Friday 28 March 2008

Feeling sick and seeing red

My weight is not top of my list of worries today; I imbibed a mere 7.0 units of alcohol at lunch yesterday (probably) and stuck to Diet Coke and water in the evening; there are 1,407 days to go; and the key word for the day is Rufus. Or maybe Rufous, if we want to be pedantic.

The date that appears on top of this entry is not a particularly good guide to when I wrote it; things are currently running seven days late, a delay which might make even National Express East Coast’s director of operations pause to scratch himself thoughtfully. The easy thing to do would be just to skip a week and say “I’ve not been well”, in the way that mediaeval mapmakers thought “Oh sod it” and left blank patches inscribed “Here be dragons” so that no-one would be likely to go and check up on what they’d missed out. But illness would not be the whole truth, and I feel I should stick to my discipline of making some comment on every day that passes (or, in my case, screeches past). After all, it’s worked a treat up to now in maintaining my fragile morale and driving forward a surprisingly successful weight loss campaign. Even though the latter probably hasn’t exactly prospered while I’ve been in London for the last few days.
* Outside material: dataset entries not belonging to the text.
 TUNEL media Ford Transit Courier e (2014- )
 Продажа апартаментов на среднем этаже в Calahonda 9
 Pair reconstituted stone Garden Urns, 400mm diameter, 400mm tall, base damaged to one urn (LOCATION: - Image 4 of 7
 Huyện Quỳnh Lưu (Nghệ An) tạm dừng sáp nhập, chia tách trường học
I started feeling really ill at lunchtime. Halfway through my fishcake, it was, which was a bit of a bugger as I simply couldn’t finish it and the waitress was moved to ask whether it had been all right. I nodded vigorously and said, “It’s not you, it’s me”, for all the world like a man ending a relationship. But they never look like they believe you, do they? Even though, in the present instance, I was eating in a restaurant that is positively legendary for its ability to transform fish and potatoes into something delicious. Visions of an angry, cleaver-wielding chef storming out of the kitchen to confront me sprang ineluctably to mind. At least he could not take his revenge in more traditional ways, as I could not face eating anything else. Mind you, the whiteish sauce drizzled on my guest’s treacle tart did look slightly odd, now I come to think of it.

I was having lunch with my former PA. I had not seen her for five years and she had not aged a day. In fact, she’d got younger as she’d reverted to a hairstyle quite similar to the one she’d favoured when we first met 21 years ago. If only she’d also worn a striped shirt with a turned-up collar, and a single string of pearls, it would have taken me right back. She was a bit peeved because she’d had her hair done specially for the occasion, and her Bishop’s Stortford hairdresser had reacted to the news that she was off to lunch in one of London’s swankier restaurants with a yawn and the words, “Oh yeah, I had lunch there yesterday”.

We exchanged reminiscences of former colleagues, and I was able to shock her with the scarcely believable story of how one of our former clients had managed to burn himself to a crisp by pouring petrol on a bonfire and then wandering off to conduct a lengthy search for some matches to light it with. A strange thing for anyone to do if they possessed even the faintest hint of intelligence. Quite extraordinary behaviour in the former chief executive of an oil and gas company.

Then she got out the pictures of her children. They all had red hair. This seemed most unfair, just on the law of averages, given that their mother is blonde, and I don’t mean “strawberry blonde”, either. What on earth do you say? “Oh well, at least the boys will be able to look forward to going bald, and not many men have that privilege”? Or “They can do wonders with wigs these days, you know” for the little girl? I have the sort of face that always betrays my feelings. I don’t think I acquitted myself very well.

I caught a train north at 6.20 after negotiating a blockade of the platform by a phalanx of ticket inspectors, who were holding everyone up and turning quite a few people away. Their presence must have deterred even more travellers, since the train was remarkably empty, and the last time I caught this particular service it was packed. I wonder where they all went instead?